One engine for stream and backtestThere is no separate "backtest mode". You load a ruleset and call the same
evaluate_batch/evaluate_ndjsonmethods you use live. The only difference is the source of records: historical Parquet or Arrow instead of a live queue.
The idea
A typical change-safety workflow looks like this:
- Read historical records as Arrow
RecordBatchobjects. - Evaluate each batch through two engines — one loaded with the current production rules, one with your candidate rules.
- Compare the per-record decisions, scores, and match counts. Differences are exactly the records your change would have routed differently.
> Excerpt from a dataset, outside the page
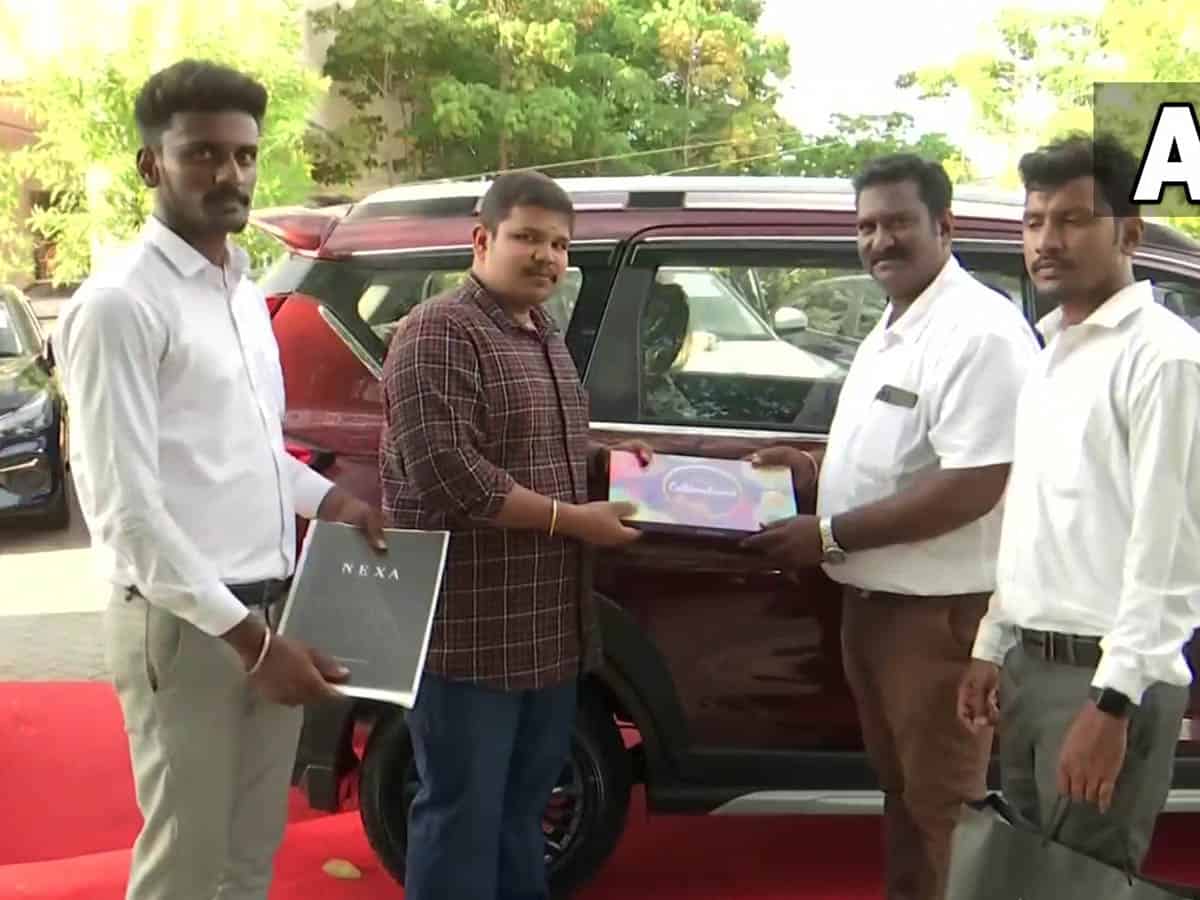 Chennai-based IT firm gifts cars to its 100 employees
The result fields you compare are the standard ones documented in Observability: decisions, decision_codes, scores, risk_bands, winning_rule_ids, and match_counts. The grouped-index helpers make a diff cheap:
import blazerules
current = blazerules.RuleEngine()
current.load_rules("rules.yaml")
candidate = blazerules.RuleEngine()
candidate.load_rules("rules-candidate.yaml")
# For each historical batch:
cur = current.evaluate_batch(batch)
cand = candidate.evaluate_batch(batch)
# Records the candidate would route differently:
cur_groups = cur.grouped_decision_indices()
cand_groups = cand.grouped_decision_indices()
# Compare cur_groups vs cand_groups, or diff cur.decisions vs cand.decisions.Reading historical data
Use whatever already produces typed Arrow batches. In full builds, blazerules_io.read_record_batches(path, batch_size=...) reads files into batches; in custom lean builds, read Parquet with pyarrow and pass the batches in.
import blazerules
import blazerules_io
engine = blazerules.RuleEngine()
engine.load_rules("rules-candidate.yaml")
for batch in blazerules_io.read_record_batches("history.parquet", batch_size=16384):
result = engine.evaluate_batch(batch)
# accumulate result.decisions / result.scores for comparisonNative backtest API
For Parquet history, use the built-in A/B comparison API.
report = engine.backtest(
parquet_path=["history/day-1.parquet", "history/day-2.parquet"],
rules_a="rules.yaml",
rules_b="rules-candidate.yaml",
label_column="fraud_label",
)
print(report.total_records)
print(report.fire_rate_a, report.fire_rate_b)
print(report.new_positives, report.lost_positives)
print(report.agreement_rate)
print(report.precision_a, report.recall_a)
print(report.precision_b, report.recall_b)The C++ overloads are backtest(const BacktestConfig&) and backtest(parquet_paths, rules_a, rules_b, label_column). BacktestConfig contains parquet_paths, rules_file_a, rules_file_b, label_column, and batch_size.
Shadow rulesA rule can carry a
shadowfield, which lets you evaluate a rule's effect without letting it drive the final decision. This is a natural fit for backtesting a single new rule inside an otherwise-unchanged ruleset. Usematch_counts,winning_rule_ids, and grouped decision indices to see how often the shadow rule fired and which rows would have changed under a promoted candidate.
Replay window rules in chronological orderWindow rules read prior-batch history, inject derived window columns, evaluate the current batch, then commit that batch for future batches. A backtest of any window-based rule is only correct if you feed batches in chronological order and keep entity affinity, exactly as the data arrived live. Same-batch repeated entity rows do not see earlier rows from that same batch by default. See the engine's window semantics for the full ordering contract.